## PROBLEM DESCRIPTION
Below are the records; extract from them the line containing "夜のクラゲは泳げない グッズ 通販" to the line containing "KIA MORNING (PICANTO) LX", both lines included, exactly and with no pictures.

*** Opening of TASK INPUT ***

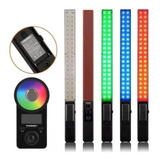 Bastão Iluminador De Luz Led Pro Rgb Yongnuo Yn 360iii 21 6w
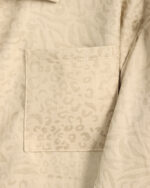 شومیز مانتویی زنانه راستی 1836 - Image 6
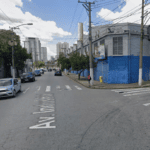 cruzamento da avenida industrial com rua conselheiro justino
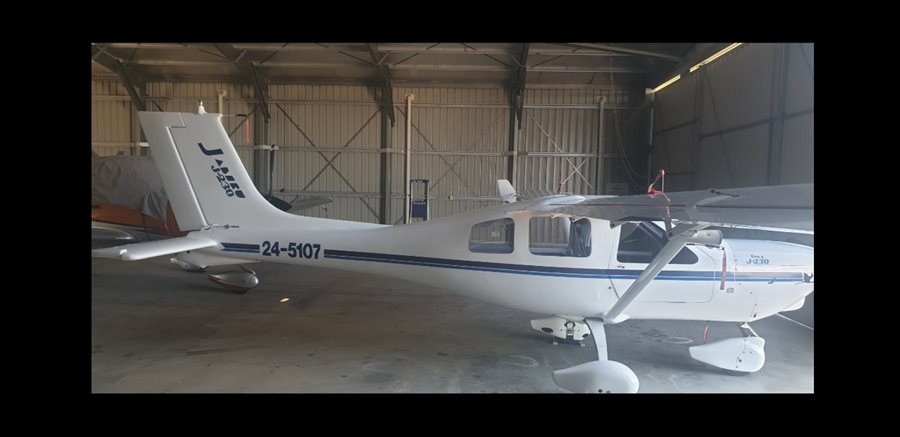 2007 Jabiru J230 New Gen4 Engine fitted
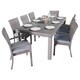 Cannes Woven Dining Set by RST Brands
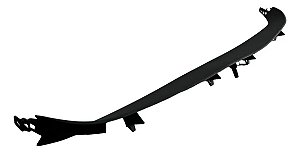 Moldura Tampa Traseira Citroen C4 2009 A 2014 Original Preto
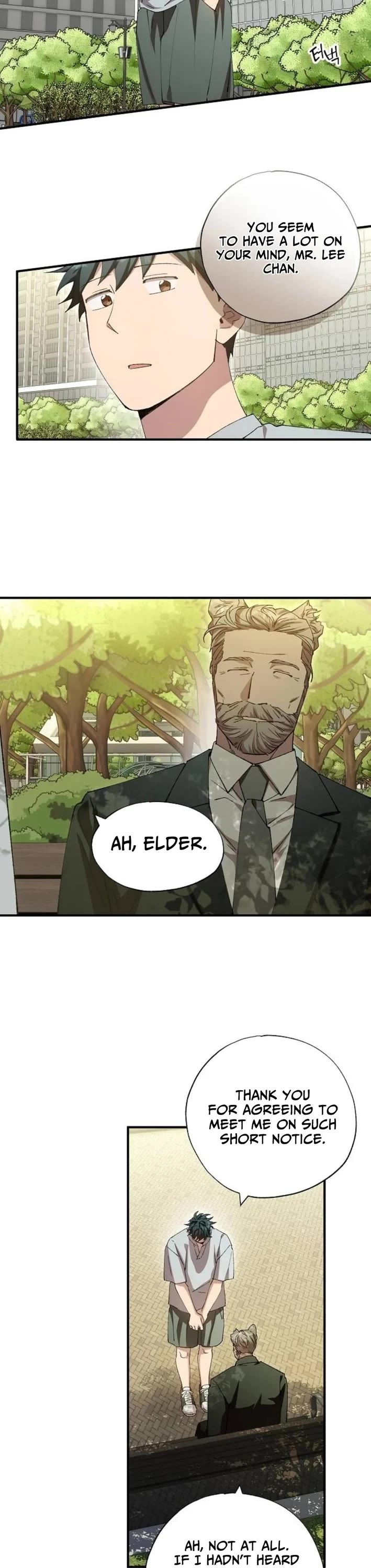 Magical Realm Shopkeeper Chapter 107 page 21 - Chapter 107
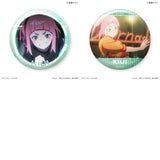 夜のクラゲは泳げない グッズ 通販 缶バッチ 缶バッジ 缶 バッチ バッジ 箱買い 全7種 全種類 box まとめ買い だけ缶 アニメ キャラクター かわいい おしゃれ 推しグッズ 推し活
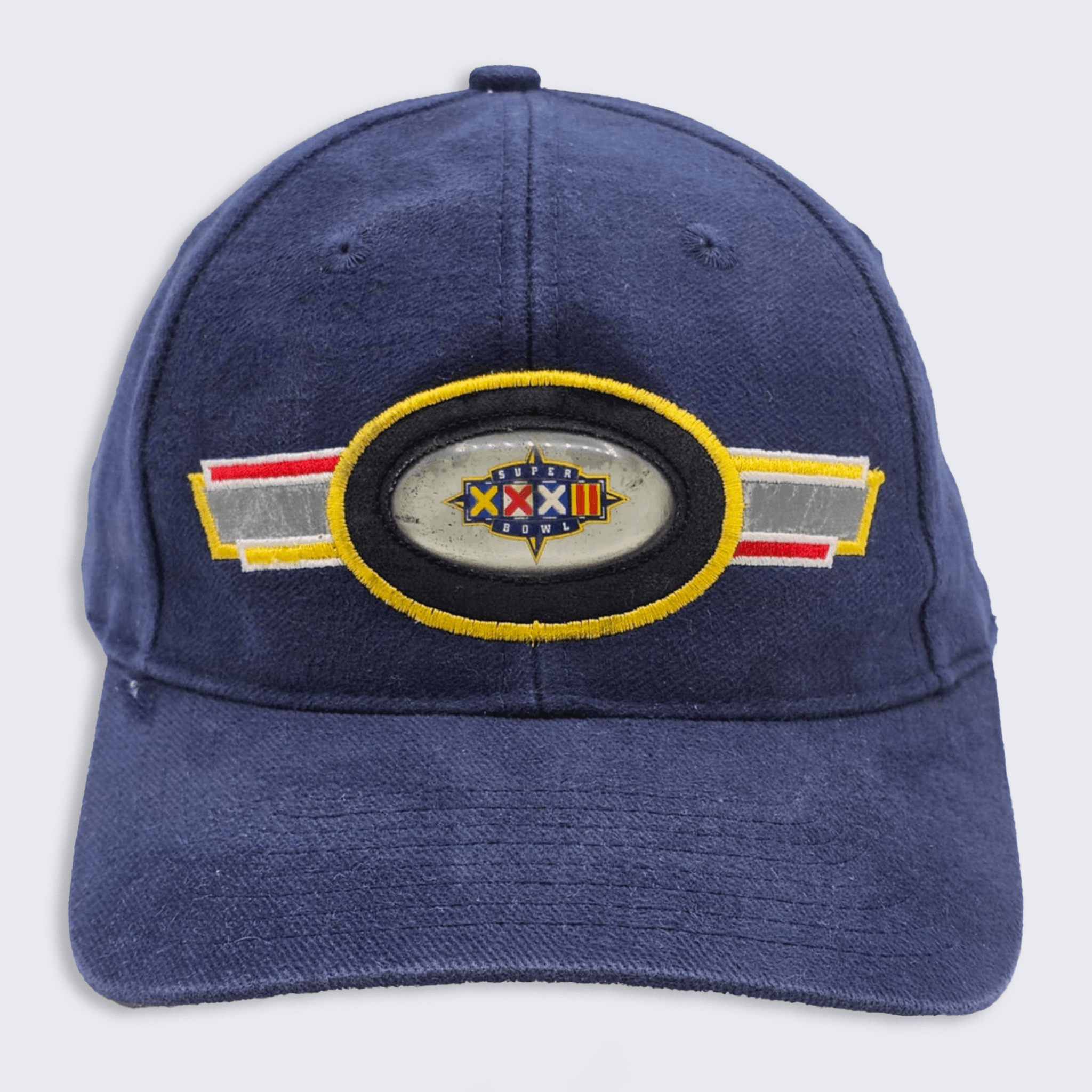 NFL × Sports Specialties × Vintage Super Bowl XXXII Vintage 90s Sports Specialties Hat Size ONE SIZE - 1 Thumbnail
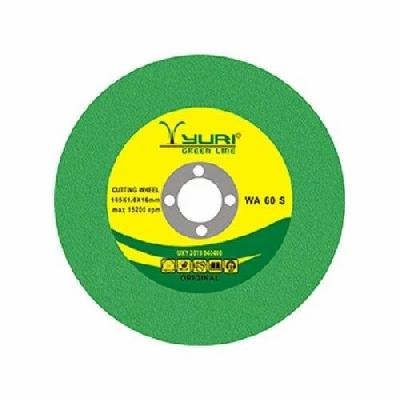 107mm Yuri Green Double Inox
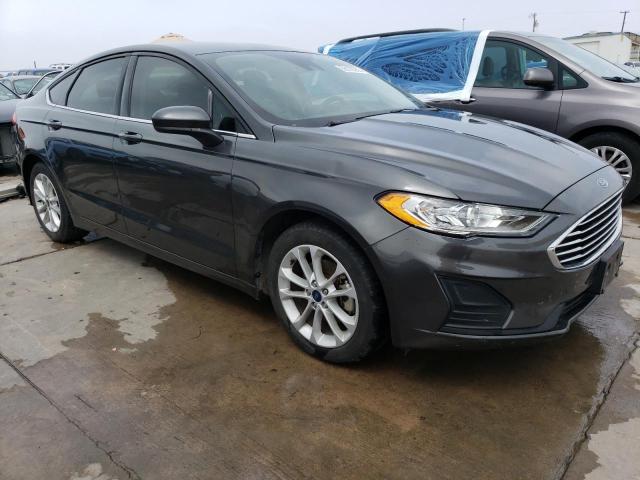 Photo 4 from auction – 2019 FORD FUSION SE with VIN 3FA6P0HD7KR169972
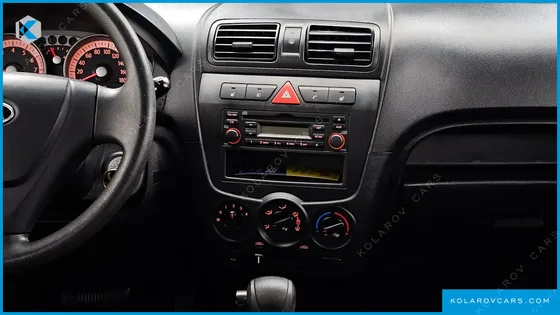 KIA MORNING (PICANTO) LX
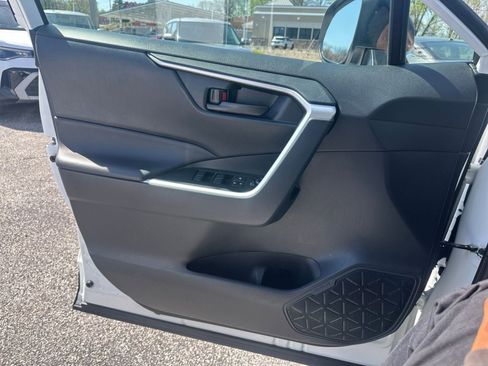 Used 2025 Toyota RAV4 LE image 18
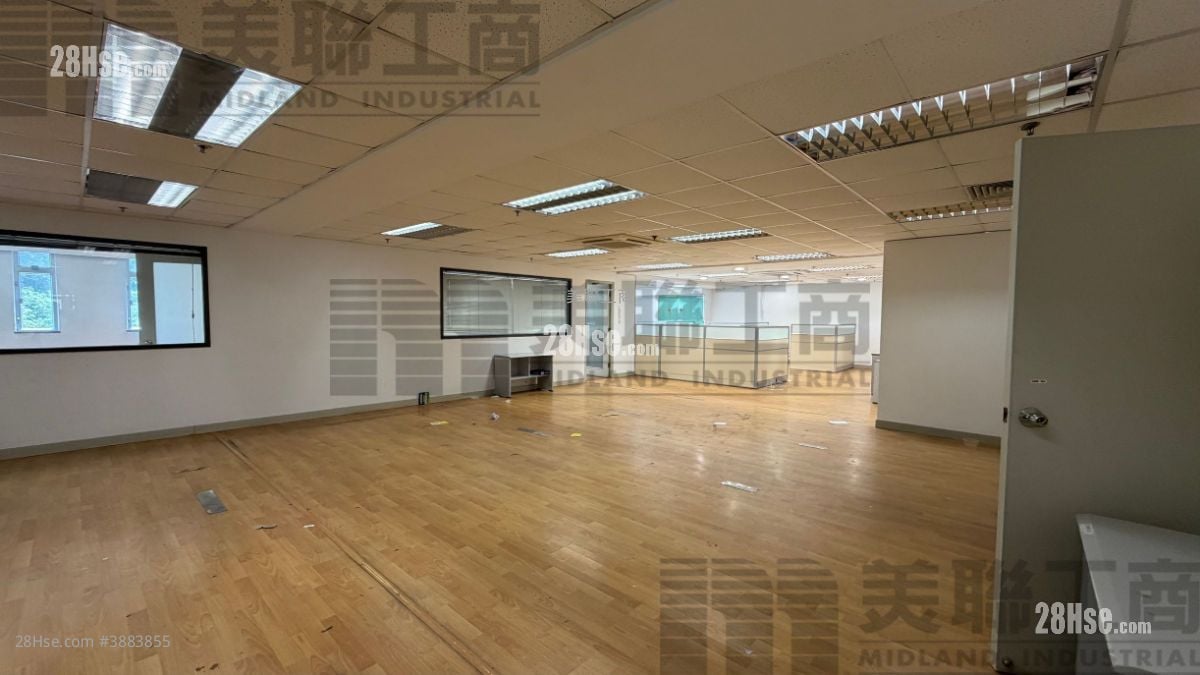 豐盛工業中心 租盤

*** Close of TASK INPUT ***

## TASK SOLUTION
 夜のクラゲは泳げない グッズ 通販 缶バッチ 缶バッジ 缶 バッチ バッジ 箱買い 全7種 全種類 box まとめ買い だけ缶 アニメ キャラクター かわいい おしゃれ 推しグッズ 推し活
 NFL × Sports Specialties × Vintage Super Bowl XXXII Vintage 90s Sports Specialties Hat Size ONE SIZE - 1 Thumbnail
 107mm Yuri Green Double Inox
 Photo 4 from auction – 2019 FORD FUSION SE with VIN 3FA6P0HD7KR169972
 KIA MORNING (PICANTO) LX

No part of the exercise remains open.